[DATASET EXCERPTS Boundary: Start]
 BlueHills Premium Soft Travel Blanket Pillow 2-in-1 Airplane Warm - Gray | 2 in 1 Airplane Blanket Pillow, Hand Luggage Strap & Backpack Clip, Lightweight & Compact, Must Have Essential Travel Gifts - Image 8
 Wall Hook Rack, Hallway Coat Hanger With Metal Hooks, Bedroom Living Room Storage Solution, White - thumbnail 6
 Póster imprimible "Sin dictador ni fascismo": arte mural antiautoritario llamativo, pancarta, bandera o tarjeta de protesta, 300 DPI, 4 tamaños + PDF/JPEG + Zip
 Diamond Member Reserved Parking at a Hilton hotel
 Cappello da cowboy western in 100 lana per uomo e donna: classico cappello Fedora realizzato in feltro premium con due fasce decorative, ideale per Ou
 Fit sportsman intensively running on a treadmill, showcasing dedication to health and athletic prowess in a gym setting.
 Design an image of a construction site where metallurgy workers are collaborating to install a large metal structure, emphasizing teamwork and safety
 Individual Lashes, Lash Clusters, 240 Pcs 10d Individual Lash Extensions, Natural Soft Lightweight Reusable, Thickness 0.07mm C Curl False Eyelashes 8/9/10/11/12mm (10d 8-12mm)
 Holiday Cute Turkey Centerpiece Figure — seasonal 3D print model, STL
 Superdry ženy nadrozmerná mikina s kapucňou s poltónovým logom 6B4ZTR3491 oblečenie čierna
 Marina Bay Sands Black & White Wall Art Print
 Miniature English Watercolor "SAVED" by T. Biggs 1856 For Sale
[DATASET EXCERPTS Boundary: End]
:: EXERCISE REQUIREMENTS ::
Return each line of the data exactly as written above.

:: ANSWER TO THIS EXERCISE ::
 BlueHills Premium Soft Travel Blanket Pillow 2-in-1 Airplane Warm - Gray | 2 in 1 Airplane Blanket Pillow, Hand Luggage Strap & Backpack Clip, Lightweight & Compact, Must Have Essential Travel Gifts - Image 8
 Wall Hook Rack, Hallway Coat Hanger With Metal Hooks, Bedroom Living Room Storage Solution, White - thumbnail 6
 Póster imprimible "Sin dictador ni fascismo": arte mural antiautoritario llamativo, pancarta, bandera o tarjeta de protesta, 300 DPI, 4 tamaños + PDF/JPEG + Zip
 Diamond Member Reserved Parking at a Hilton hotel
 Cappello da cowboy western in 100 lana per uomo e donna: classico cappello Fedora realizzato in feltro premium con due fasce decorative, ideale per Ou
 Fit sportsman intensively running on a treadmill, showcasing dedication to health and athletic prowess in a gym setting.
 Design an image of a construction site where metallurgy workers are collaborating to install a large metal structure, emphasizing teamwork and safety
 Individual Lashes, Lash Clusters, 240 Pcs 10d Individual Lash Extensions, Natural Soft Lightweight Reusable, Thickness 0.07mm C Curl False Eyelashes 8/9/10/11/12mm (10d 8-12mm)
 Holiday Cute Turkey Centerpiece Figure — seasonal 3D print model, STL
 Superdry ženy nadrozmerná mikina s kapucňou s poltónovým logom 6B4ZTR3491 oblečenie čierna
 Marina Bay Sands Black & White Wall Art Print
 Miniature English Watercolor "SAVED" by T. Biggs 1856 For Sale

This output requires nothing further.